If I had to equate connecting to something, I would say it's through artistry with other artists. I'm a creative thinker and a visual person, and a lot of the things that I think about like, What are we doing orbiting with the sun? What do the stars actually mean? What is the whole existence of life? Why are we born?—[I think about] not just the things that are tangible that we can see every day. So I don't think a lot of people that I've encountered think [like] that. I'm sure there are other people that do, but I think through artistry, I find a common thread of people that have some senses that are similar.
And I hope this doesn’t sound too off, but even when I listen to music, that's a form of communicating. Even if I'm not directly talking to someone, I feel heard or understood through music and melodies and sounds and crickets outside and birds. I feel understood because I'm so connected to the universe.
WM: You recently started embracing the birthmark on your cheek a bit more and shared how it’s improving your confidence. When do you feel the most comfortable in your own skin?
HS: When I'm not all done up. When I am at home, I like to wear big, baggy letterman jackets. And when I have my hair just in a ponytail or a bun at home and I'm just being with my family and friends and not feeling this pressure of having to be perfect or this ideal that I've created for myself. I'm learning to break that. So I feel more comfortable when I'm just able to feel free and relaxed and be goofy and not care so much.

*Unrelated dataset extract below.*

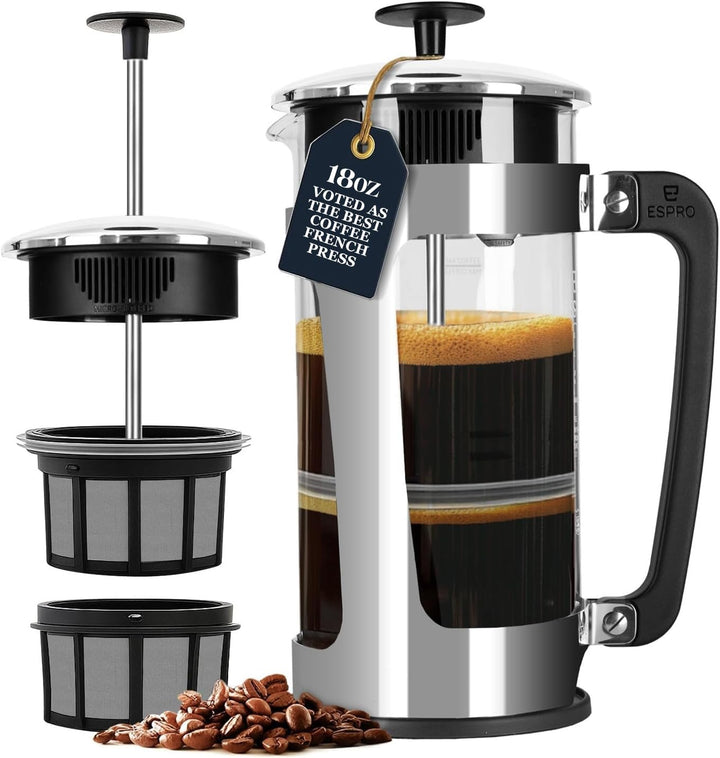 Espro Press P5, French Press, Chrom, für Kaffee, Glas, Edelstahl, versch. Grössen 0,55 l 18 oz, 18 o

I think I've spent a lot of my life caring and being meticulous about everything for obvious reasons of wanting to fit into society and wanting to be taken seriously and respected, but I don't really care about fitting in anymore. Of course I care about being respected, but I don't care about fitting into a standard anymore because I was meant to stand out. When I posted my birthmark, I said obviously the universe created me this way because I was meant to stand out. I was meant to be seen differently, and I embrace that now. I don't want to blend in anymore.
WM: If you're having a low self-esteem day, what helps you pull yourself out of a funk?
HS: Some good music, some good food, really remembering my higher self, and realizing I'm a tough cookie. I've been through a lot. I can handle it. My purpose is much bigger than this circumstance that may be happening at this very moment. It's going to pass. And at the end of the day, I'm going to be OK because the universe has my back, and I have my back. … It's remembering who I really am and being like, Wait a minute, girl. No, we're not doing that. Having that self-talk is what gets me out of that [mindset].
WM: What message about mental health would you like to leave us with?
HS: Be easier on yourself. Be good to yourself. In this society, [we can be so] hard on ourselves in trying to reach these goals. Take it easy for a moment. Sometimes it's better to listen, rather than always talk. Listen before you respond, and listen to yourself and your inner thoughts before reacting to things. Give yourself more grace.
This interview has been edited and condensed for length and clarity.